Involvement of NF-kappaB p50/p65 heterodimer in activation of the human pro-interleukin-1beta gene at two subregions of the upstream enhancer element.

作者信息

Goto M, Katayama K I, Shirakawa F, Tanaka I

机构信息

Tsukuba Research Laboratories, Eisai Co., Ltd., Ibaraki, Japan.

出版信息

Cytokine. 1999 Jan;11(1):16-28. doi: 10.1006/cyto.1998.0390.

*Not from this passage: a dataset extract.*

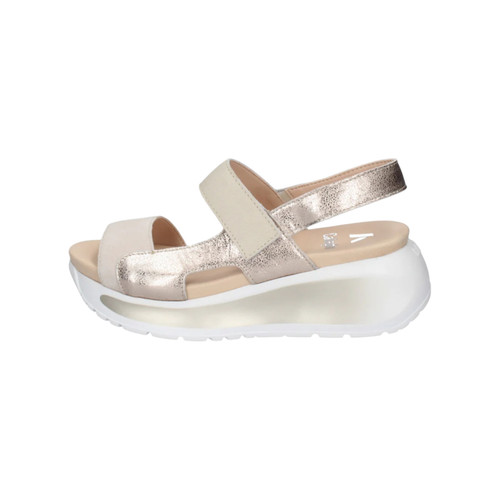 Scarpe sandali callaghan - scarpe,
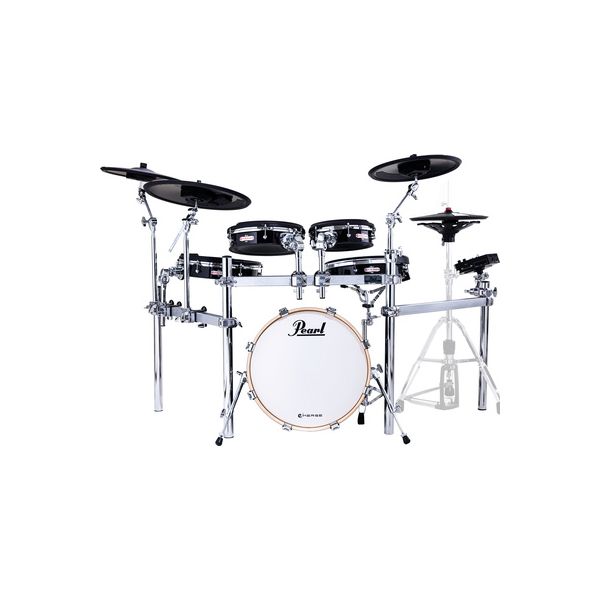 Pearl e/Merge EM-53HBC e/Hyb B-Stock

DOI:10.1006/cyto.1998.0390
PMID:10080875
Abstract

A region between-3134 and -2729 bp upstream from the transcription site of the human pro-interleukin 1beta (proIL-1beta) gene was identified as an LPS-responsive enhancer element. In this study, the influence of the sequences located between -3134 and -2987 on the transcriptional activity of the proIL-1beta gene in LPS-stimulated Raw 264.7 cells was examined in detail. The results obtained by transient transfection of fos -CAT constructs that contained serial 5'-deletion mutations showed that the region between -3134 and -3059 appears to be required for the induction of transcription by LPS. Gel shift assay studies with synthetic oligonucleotides corresponding to partial sequences of the latter region and nuclear extracts from stimulated cells revealed specific protein binding sites between -3110 and -3090 and between -3079 and -3059. These specific bindings were time and LPS dose dependent. The results of supershift analysis using specific antibodies against transcription factors suggested that both binding complexes contained the NF-kappaB components p50 and p65, and did not contain other NF-kappaB proteins (p52, c-Rel, Rel B), AP-1 proteins (c-Fos, C-Jun), CREB or C/EBPbeta (NF-IL6). Mutation of either of the putative NF-kappaB-binding sites in the enhancer element decreased the LPS-stimulated transcriptional activity. These data indicated that two NF-kappaB-binding sites, which are located between -3134 and -3059, are critical for the activation of proIL-1beta gene transcription.

摘要

人白细胞介素1β前体(proIL-1β)基因转录位点上游-3134至-2729 bp之间的区域被确定为脂多糖(LPS)反应增强子元件。在本研究中,详细检测了-3134至-2987之间的序列对LPS刺激的Raw 264.7细胞中proIL-1β基因转录活性的影响。通过瞬时转染含有连续5'-缺失突变的fos-CAT构建体获得的结果表明,-3134至-3059之间的区域似乎是LPS诱导转录所必需的。用对应于后一区域部分序列的合成寡核苷酸和受刺激细胞的核提取物进行凝胶迁移试验研究,发现在-3110至-3090之间以及-3079至-3059之间存在特异性蛋白质结合位点。这些特异性结合具有时间和LPS剂量依赖性。使用针对转录因子的特异性抗体进行的超迁移分析结果表明,两个结合复合物均包含NF-κB成分p50和p65,且不包含其他NF-κB蛋白(p52、c-Rel、Rel B)、AP-1蛋白(c-Fos、C-Jun)、CREB或C/EBPβ(NF-IL6)。增强子元件中任一假定的NF-κB结合位点发生突变都会降低LPS刺激的转录活性。这些数据表明,位于-3134至-3059之间的两个NF-κB结合位点对于proIL-1β基因转录的激活至关重要。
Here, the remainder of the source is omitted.